Berry Duane Oakley: Yeah, I grew up right near Hollywood Boulevard and the Sunset Strip, so when I was younger, I used to love flying down Hollywood Boulevard — [laughs] “taking out” the tourists, and stuff.
Spotlight Central: Around the age of 16 or 17, you gathered together a nice little collection of musical instruments including a Phantom bass, a Hohner Strat guitar, and a Casio keyboard. You played all three, but ultimately gravitated toward the bass. Why was that?
Berry Duane Oakley: I was self taught, so once I got the instruments, and got the bug in my ear, I just started messing with all of them and the bass just seemed to make the most sense to me. I could really pick it apart a lot more easily and understand what was going on, so it was easier for me to gravitate toward it, learning styles, and songs, and things I wanted to do at the time.

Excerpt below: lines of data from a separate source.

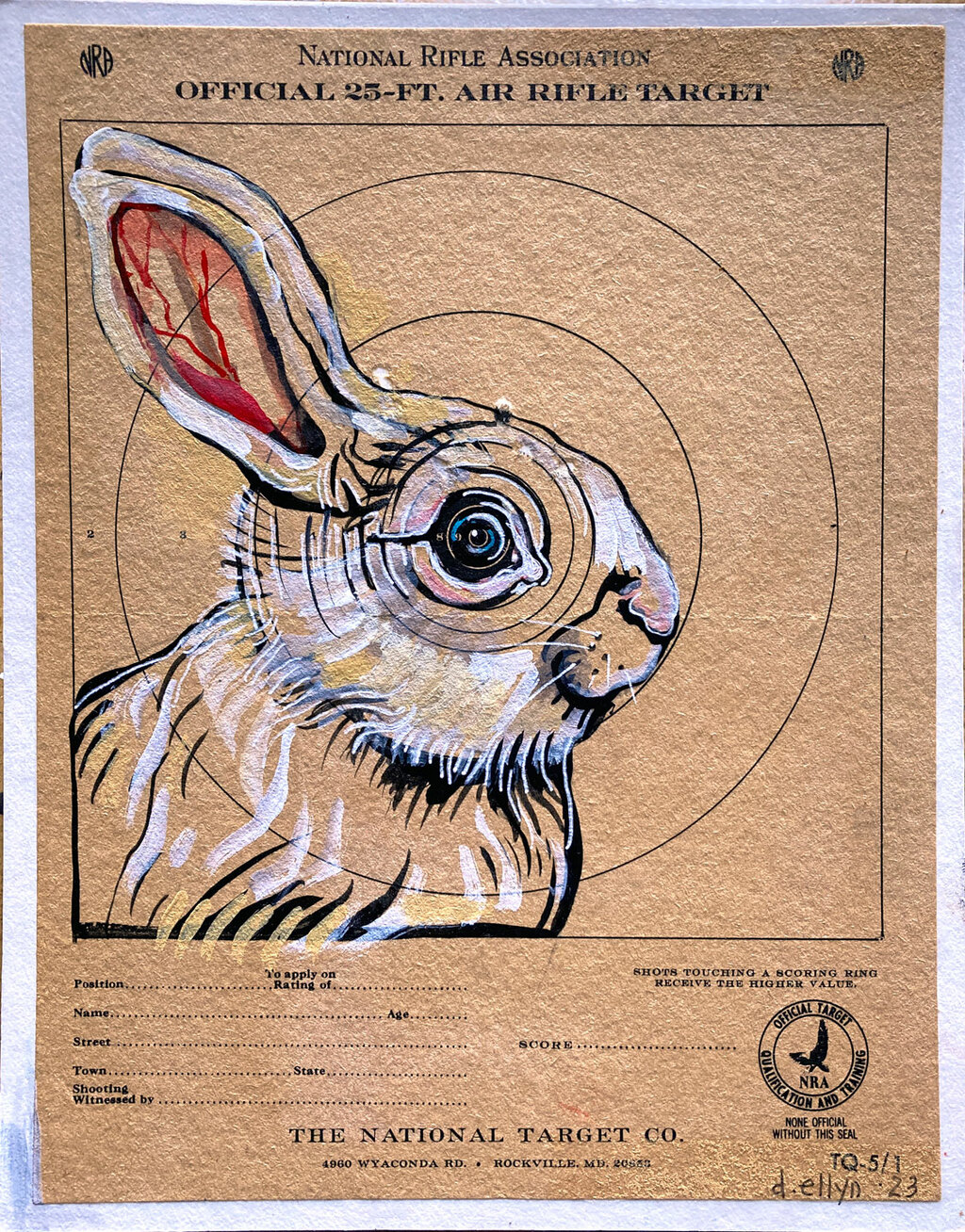 Striking abstract figure in gold and red with surreal stage-like setting, layered in bold lines and symbolic movement.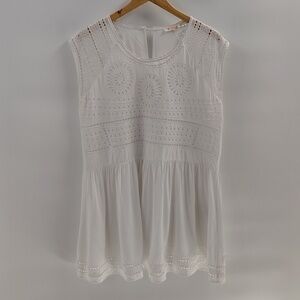 Izzy & Lola Dress Size Large White Eyelet Detail Flowy Sleeveless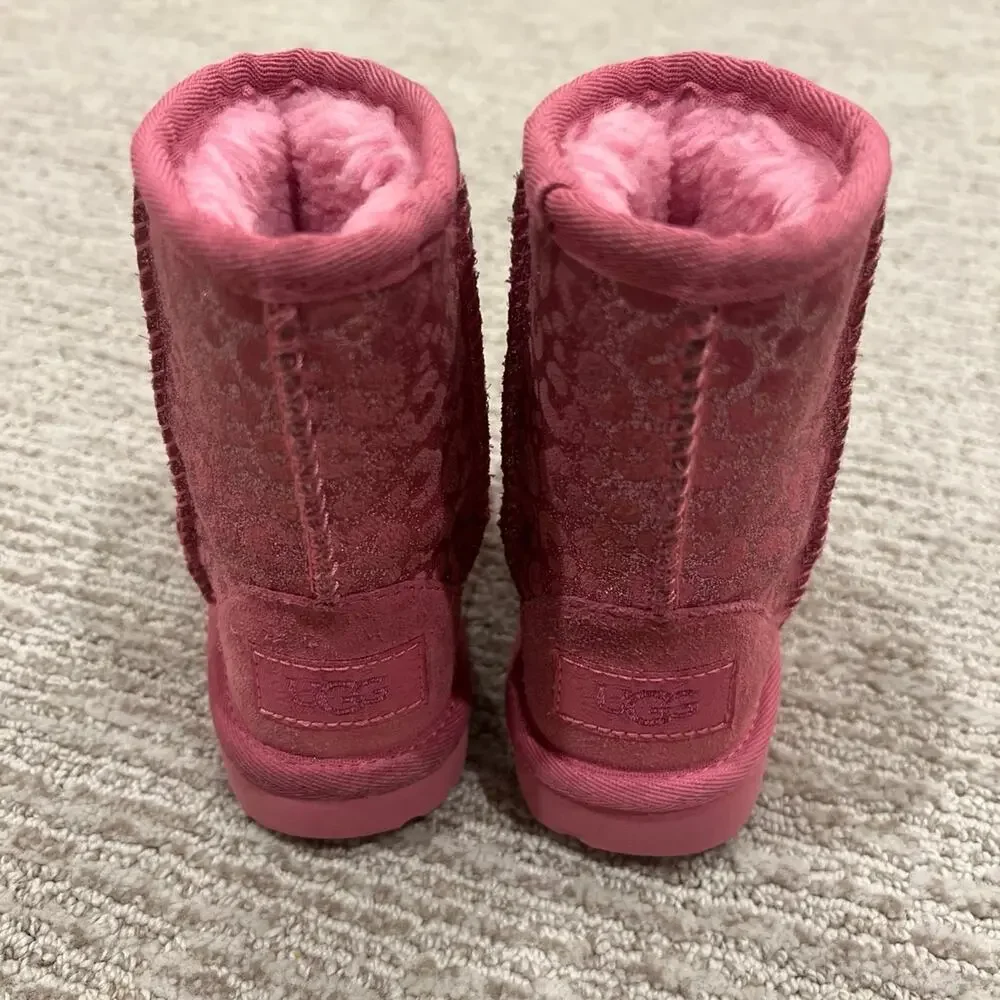 Toddler  Ugg Pink Leopard Glitter Boots sz 6c msrp 115$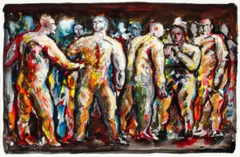 Untitled (Figures in landscape) by Peter Booth, 1990, gouache and ink on paper, offered May 2026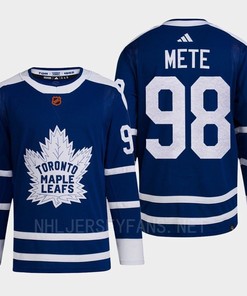 Toronto Maple Leafs 2022 Reverse Retro 2.0 Victor Mete 98 Blue Primegreen Jersey Men's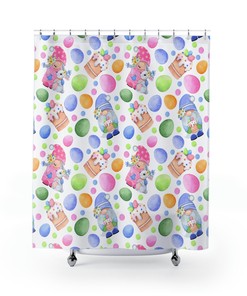 Easter Gnomes And Pastel Eggs Shower Curtain For Bathroom Decor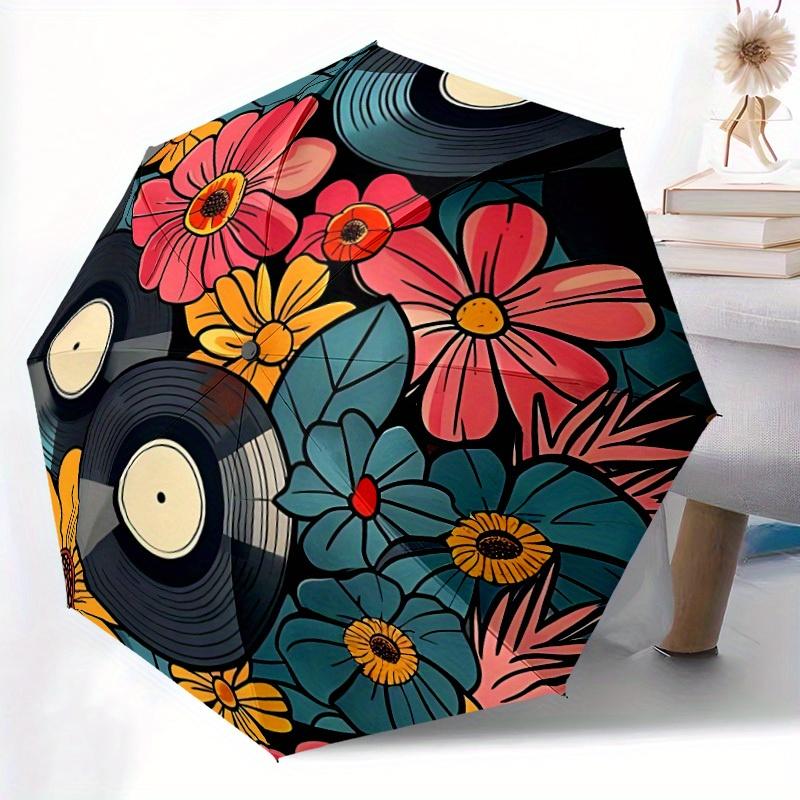 1pc Vinyl Flowers Automatic Open/close Folding Compact Umbrella, 8-Rib Sturdy Canopy, Lightweight Portable, Everyday Use, Gift, Outdoor Umbrella, Trav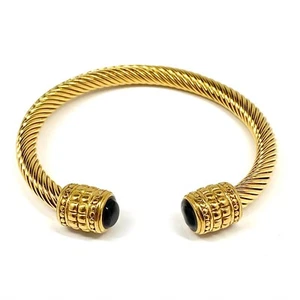 Twist Cuff Gold Colored Titanium Steel Treasure Bracelet Stackable Black Stones - Picture 1 of 4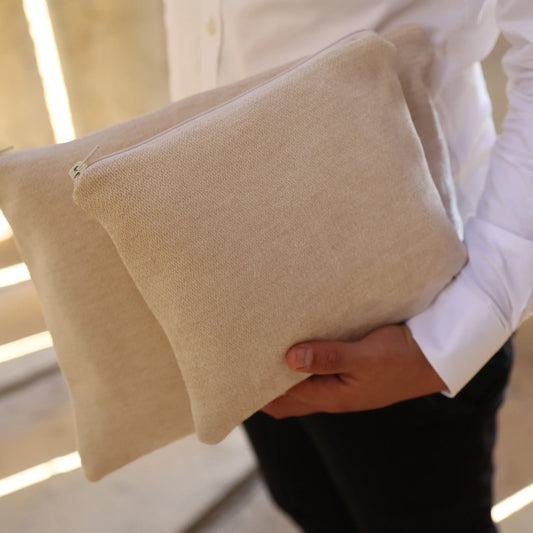 סט כיסויים לטלית ולתפילין יוקרתי מפשתן | בז בהיר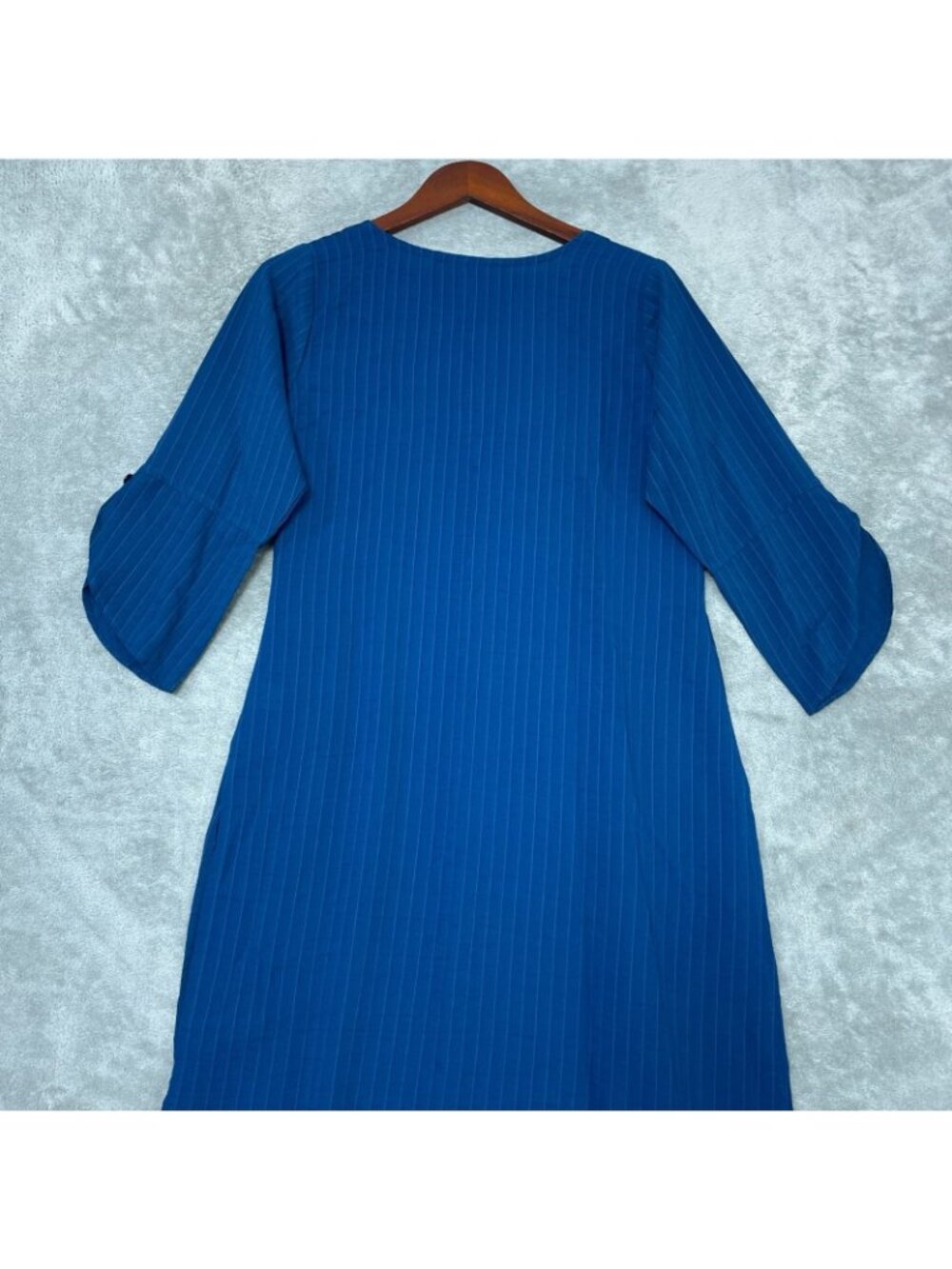 NWT Juliet Women's XL Blue Striped Long Tunic Kameez With Button-Up Front C0785 - Picture 8 of 10
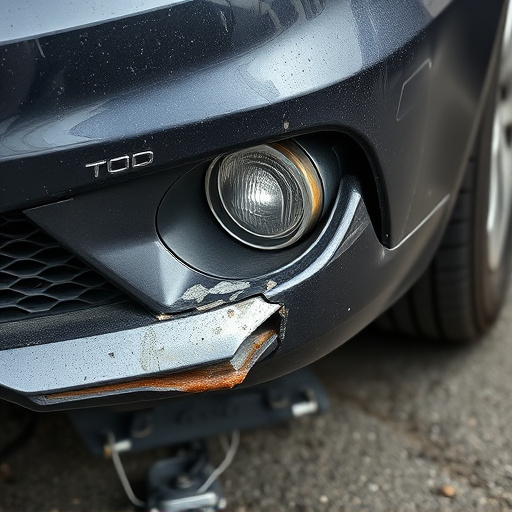 damaged car bumper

Spotlight Central: You’ve said you always knew about your dad and his legacy with The Allman Brothers, but you’ve acknowledged that, maybe, when you were young, you didn’t “quite get it” at first. Eventually, though, you realized the impact he had on the music community. Was there any specific event that precipitated that, or was it more of a cumulative effect of just learning more about your dad’s music and the effect it had on others?
Berry Duane Oakley: I guess it was more about just maturing with age. When you’re young, you don’t tend to pay attention to things that are important with regards to your own roots and history. As I was getting older and discovering music — like, really discovering it — the pieces all started to make sense to me; kind of like, “Oh, I get it!” And, definitely, once I first really heard the music, like Live at the Fillmore East and Eat a Peach and all that, it definitely caught me, like, “Woah, wait a minute. This is something really different.”
Spotlight Central: We understand your dad became one of your main influences as a bass player, but so did some other bassists including The Funk Brothers’ James Jamerson, Booker T. & the M.G.’s and Stax session bassist Donald “Duck” Dunn, and Led Zeppelin bassist John Paul Jones. What was it about these players that appealed to you?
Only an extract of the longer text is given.